Barbara Gray, CFA – November 20, 2012 – The first shots have been fired in the Corporate Social Revolution… Employees of Walmart are planning their first ever nation-wide strike for Black Friday, the biggest holiday shopping day of the year. But what’s interesting to note is that Walmart stores are not unionized – the strike is being organized by its own employees online using social media platforms such as Facebook, Twitter, and Tumblr.
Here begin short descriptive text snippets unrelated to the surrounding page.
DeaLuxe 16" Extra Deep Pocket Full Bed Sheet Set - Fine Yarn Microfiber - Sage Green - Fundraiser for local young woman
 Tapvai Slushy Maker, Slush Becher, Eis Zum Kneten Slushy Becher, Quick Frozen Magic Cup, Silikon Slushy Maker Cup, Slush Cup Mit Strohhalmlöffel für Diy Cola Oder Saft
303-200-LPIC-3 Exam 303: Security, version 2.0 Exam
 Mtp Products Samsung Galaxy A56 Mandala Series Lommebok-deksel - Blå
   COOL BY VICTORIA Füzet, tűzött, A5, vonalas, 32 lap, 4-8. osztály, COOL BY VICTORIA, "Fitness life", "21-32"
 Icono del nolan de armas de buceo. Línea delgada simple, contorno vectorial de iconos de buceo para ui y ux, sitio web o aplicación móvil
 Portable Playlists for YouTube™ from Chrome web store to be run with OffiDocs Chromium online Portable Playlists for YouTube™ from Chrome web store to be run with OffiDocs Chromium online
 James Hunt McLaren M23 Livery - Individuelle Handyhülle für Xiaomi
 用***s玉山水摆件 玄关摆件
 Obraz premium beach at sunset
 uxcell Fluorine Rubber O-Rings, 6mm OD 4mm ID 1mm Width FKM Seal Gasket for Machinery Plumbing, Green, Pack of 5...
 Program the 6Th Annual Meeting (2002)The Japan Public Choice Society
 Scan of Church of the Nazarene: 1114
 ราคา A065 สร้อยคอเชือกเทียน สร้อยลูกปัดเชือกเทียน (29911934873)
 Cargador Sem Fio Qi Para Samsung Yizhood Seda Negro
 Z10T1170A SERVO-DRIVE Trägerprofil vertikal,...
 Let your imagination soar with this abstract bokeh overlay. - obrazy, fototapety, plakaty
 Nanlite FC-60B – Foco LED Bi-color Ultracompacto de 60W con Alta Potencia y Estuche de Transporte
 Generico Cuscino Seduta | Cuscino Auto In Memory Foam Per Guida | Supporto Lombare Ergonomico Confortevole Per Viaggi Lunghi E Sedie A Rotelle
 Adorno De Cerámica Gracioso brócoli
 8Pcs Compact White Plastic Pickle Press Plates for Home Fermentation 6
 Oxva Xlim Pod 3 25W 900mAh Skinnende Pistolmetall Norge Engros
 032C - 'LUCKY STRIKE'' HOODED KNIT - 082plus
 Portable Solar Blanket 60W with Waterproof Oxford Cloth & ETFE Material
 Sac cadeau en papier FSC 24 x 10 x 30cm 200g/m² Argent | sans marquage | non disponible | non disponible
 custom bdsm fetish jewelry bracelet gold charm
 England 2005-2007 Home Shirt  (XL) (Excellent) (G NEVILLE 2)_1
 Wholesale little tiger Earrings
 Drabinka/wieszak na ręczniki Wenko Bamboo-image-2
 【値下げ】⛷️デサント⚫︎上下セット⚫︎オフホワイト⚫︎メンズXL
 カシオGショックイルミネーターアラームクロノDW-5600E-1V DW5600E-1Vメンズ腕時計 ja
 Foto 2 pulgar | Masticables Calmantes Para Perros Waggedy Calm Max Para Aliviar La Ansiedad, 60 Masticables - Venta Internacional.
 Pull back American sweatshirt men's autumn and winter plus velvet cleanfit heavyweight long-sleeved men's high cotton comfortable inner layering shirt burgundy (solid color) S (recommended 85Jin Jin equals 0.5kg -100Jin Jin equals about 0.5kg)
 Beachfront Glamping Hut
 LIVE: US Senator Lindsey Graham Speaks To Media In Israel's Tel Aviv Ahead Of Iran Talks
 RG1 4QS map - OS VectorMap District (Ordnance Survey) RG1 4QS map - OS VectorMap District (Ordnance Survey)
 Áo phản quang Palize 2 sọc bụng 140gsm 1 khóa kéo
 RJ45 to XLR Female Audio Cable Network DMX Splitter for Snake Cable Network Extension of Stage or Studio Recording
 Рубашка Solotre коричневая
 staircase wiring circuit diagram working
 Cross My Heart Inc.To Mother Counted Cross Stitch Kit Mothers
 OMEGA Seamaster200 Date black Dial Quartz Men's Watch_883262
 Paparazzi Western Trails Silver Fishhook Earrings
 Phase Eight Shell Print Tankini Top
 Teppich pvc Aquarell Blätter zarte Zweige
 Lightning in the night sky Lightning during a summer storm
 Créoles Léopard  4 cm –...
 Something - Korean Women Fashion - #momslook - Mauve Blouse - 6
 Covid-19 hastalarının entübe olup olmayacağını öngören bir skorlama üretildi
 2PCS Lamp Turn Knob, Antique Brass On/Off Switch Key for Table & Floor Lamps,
As I wrote in my research report “Social Capital: A New Strategic Play for Investors” a year ago, “given social media’s proven power as a revolutionary force, we do not believe it is too much a stretch to envision how concerned citizens and organizations could use it as a platform to self-organize and join forces on a common cause to gain support from others and lobby for regulatory and legal reform and change.” This is exactly what Walmart employees are now undertaking as they have self-organized on social media, joining forces with non-profit activist groups such as Engage Network and Corporate Action Network, to lobby for more predictable work schedules, less expensive health care plans, and a higher minimum hourly wage. Social media allows this kind of grassroots labor action movement to build momentum at a pace and intensity never witnessed before and greatly increases the clout and bargaining power of all participants.
From an investor perspective, the revolutionary power of social media raises the risk profile and reduces the growth profile for companies that treat their workers poorly. Companies that have built up distrust and negative social capital over the years with their employees could see this translate into a real liability if their employees decide to follow the lead of Walmart’s employees and self-organize on social media platforms to protest and lobby for change. What’s interesting is how this introduces even greater risk for non-unionized companies.
As an analyst, to assess a company’s risk profile, I typically comb through its 10-K (i.e. Annual Report) and go through a checklist of different risk factors, one of these being labor risk. It’s a pretty simplistic process as if a company was unionized, depending on the state of their labor relations, I would assign a risk factor for this – but if they weren’t unionized, I just skipped onto the next factor. But social media changes all of this… And I would argue that in the new Social Era, the non-unionized companies with weak employee relations are probably at even greater risk than the unionized ones because unionized companies are able to exercise at least some degree of control over their employees through official labor relations with their union representatives. It will take a while to see how this all plays out on the growth side of the equation, but as Wal-Mart Stores, Inc. (WMT-NYSE) discloses in its 2011 10-K “Our ability to continue to expand our operations in the United States and abroad depends on our ability to attract and retain a large and growing number of qualified associates… If we are unable to locate, to attract or to retain qualified personnel, if our costs of labor or related costs increase significantly or if new or revised labor laws, rules or regulations are adopted, our financial performance could be adversely affected.”
The bottom line is that from a discounted cash flow valuation perspective, the simultaneous increase in a company’s discount rate and decrease in its expected growth rate will lead to a negative multiplier effect and contraction in the company’s value.
Wake up investors – the Corporate Social Revolution is here.